Ao levantar questões sobre imagem, percepção e identidade, o filme é um dos candidatos ao Urso de Ouro do festival.
Em conversa com o NeoFeed, o diretor russo Victor Kossakovsky, mais conhecido por Aquarela (2018), lembrou que a A24 o procurou para oferecer financiamento ao seu próximo projeto. “Eles já deram metade do orçamento [de cerca de US$ 3 milhões, no total], mesmo quando eu só tinha uma vaga ideia que o tema do filme seria arquitetura”, disse.
Ao longo do processo, o cineasta mudou o ângulo da obra algumas vezes. “E ninguém da A24 reclamou.
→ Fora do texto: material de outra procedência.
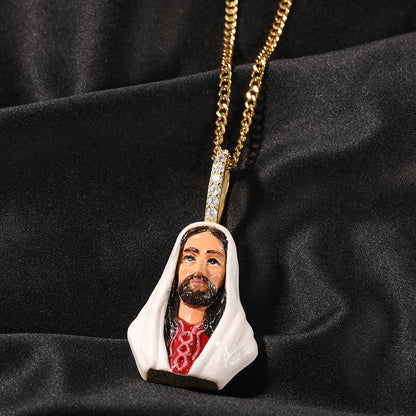European and American New Products Copper Material Enamel Men's Avatar Personalized Hip-Hop Pendant Necklace Trendy Accessories Jewelry Wholesale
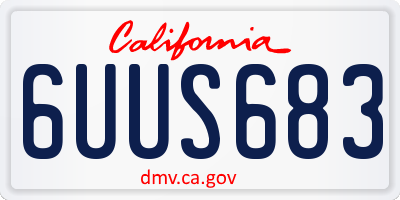 CA license plate 6UUS683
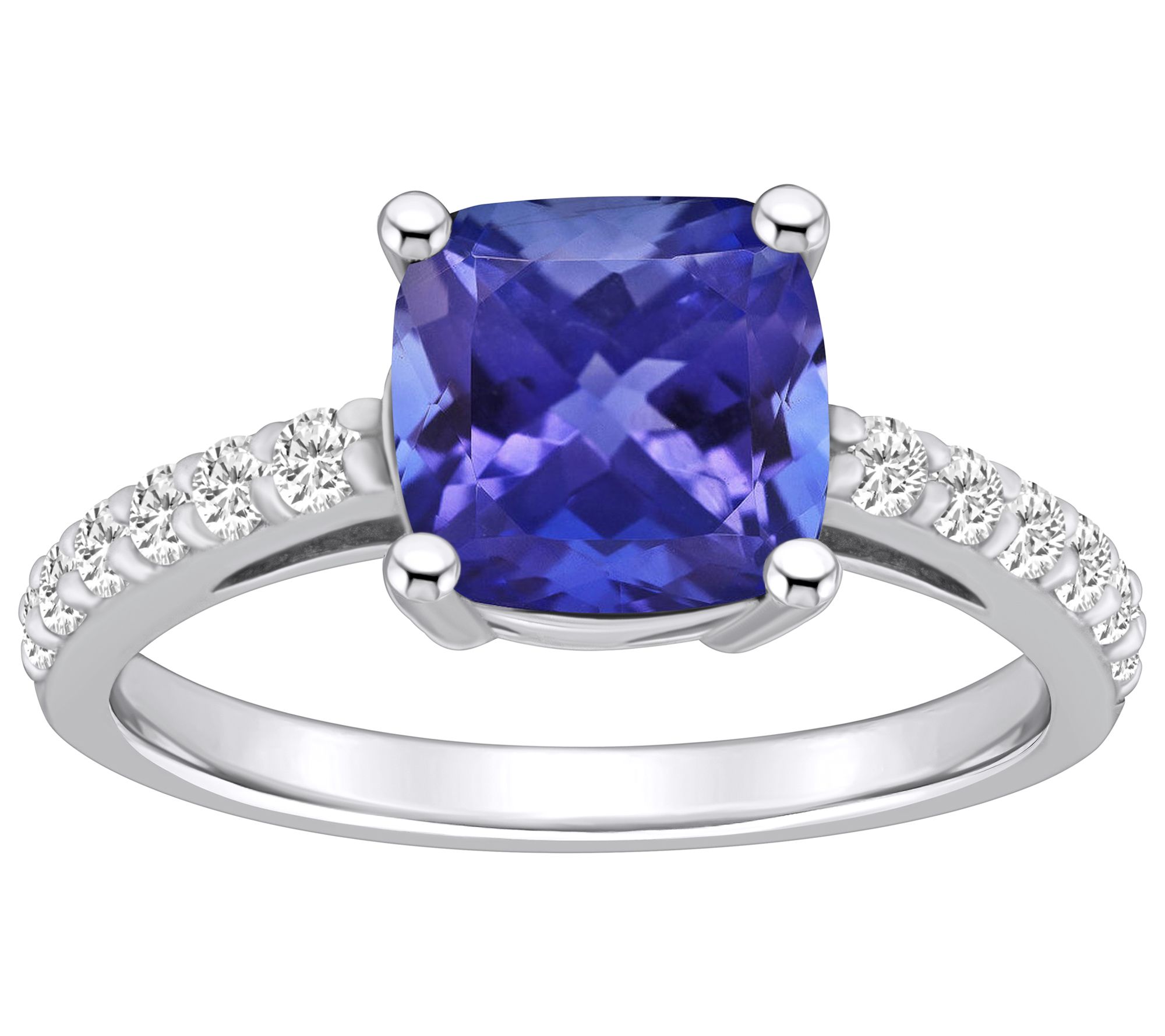 Affinity Gems Cushion Tanzanite & Diamond Ring, 14K Gold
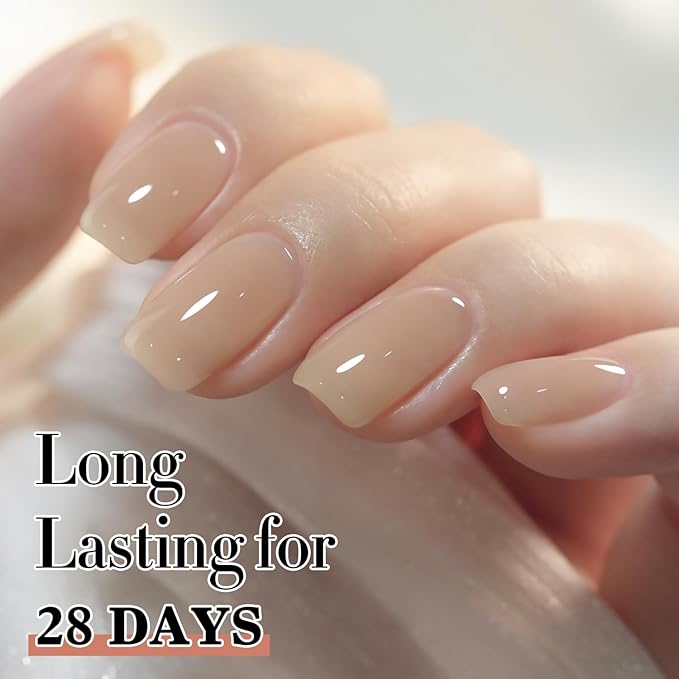 Double Rhythm Translucent Gel Polish Sheer Neutral Natural Light Milky Same Color Same Bottle 15ML Jelly UV Nail Polish Nail Art DIY at Home (Light Cinnamon-A1483)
Eles simplesmente confiaram em mim”, comentou Kossakovsky. Ele também concorre ao Urso de Ouro, com Achitecton, o documentário sobre a insustentabilidade do uso do concreto.
A A24 também está por trás de Love Lies Bleeding. Exibido em caráter hors concours, é um dos títulos mais impactantes da mostra alemã. A empresa americana já havia produzido o primeiro longa da britânica Rose Glass, Saint Maud, de 2021, uma visão sinistra sobre a fé.
O horror, aliás, foi um dos gêneros que a A24 ajudou a revigorar, com uma abordagem mais artística, psicológica e perturbadora, como em A Bruxa (2015), Hereditário (2018). Midsommar (2019) e Pearl (2022), entre outros.
Sim, imediatamente
Love Lies Bleeding é até difícil de categorizar. Trata-se de um thriller de ação que toma proporções explosivas quando uma fisiculturista, interpretada por Katy O’Brian, resolve se meter nos problemas familiares da namorada, vivida por Kristen Stewart.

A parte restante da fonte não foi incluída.